Friday, March 5, 2010

Vanishing people

This bears repeating for anyone who's complacent about unemployment.

How can all three of these facts be true at the same time?

  1. The rate of unemployment held steady in February (at the awful rate of 9.7%).
  2. 36,000 net jobs were lost.
  3. Approximately 150,000 people would be expected to join the workforce in an average month.
The obvious expressions of these facts:
jobsFeb = jobsJan - 36000
workforceFeb = workforceJan + 150000
jobsJan/workforceJan = jobsFeb/workforceFeb = 0.097, thus
jobsJan/workforceJan = (jJ - 36000)/(wJ + 150000) = 0.097
Only problem is that this last equation has no solution. The unemployment rate should have gone up a tenth of a point.

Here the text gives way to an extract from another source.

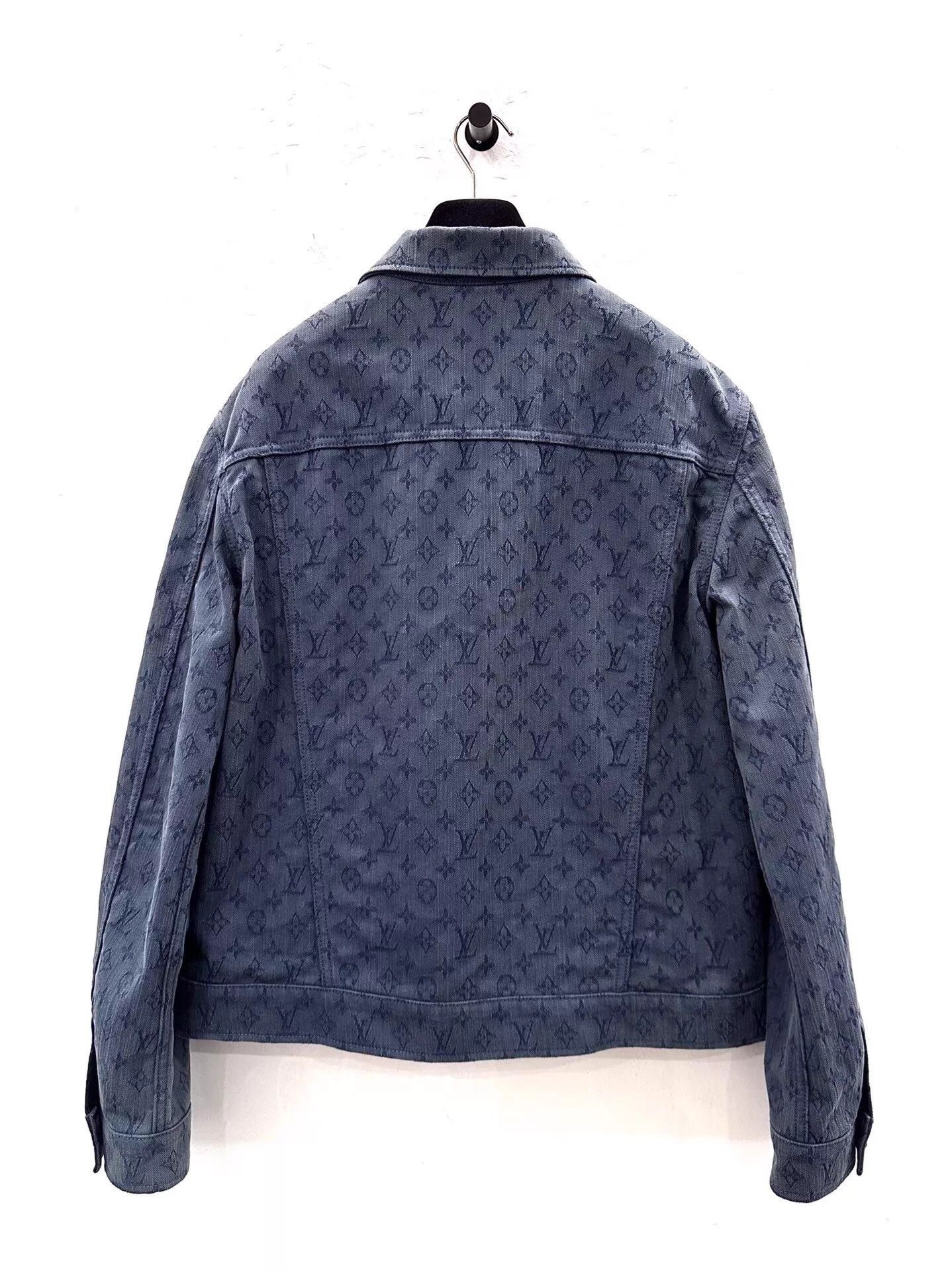 Louis Vuitton Blue Denim Jacket with Pattern - Size M Size US M / EU 48-50 / 2 - 3 Thumbnail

The problem with this arithmetic is that workforceFeb = workforceJan + 150000 isn't true. People who need jobs, who want jobs, are giving up, falling off the count.

Unemployment, as officially measured, held steady. That is only true because the Bureau of Labor Statistics stopped counting a bunch of the actually unemployed. How many? Since there are about 138,000,000 people working in the U.S., about 190,000 people had to give up in the single month of February to make the ratio stay constant.

Fifteen million people are out of work. Involuntarily. Not counting people who are working parttime but would like a fulltime job. Not counting people working shit jobs just to keep body and soul together. Not counting people who have given up, more than one percent of all unemployed in last month alone.

In ordinary times, this would be considered a crisis.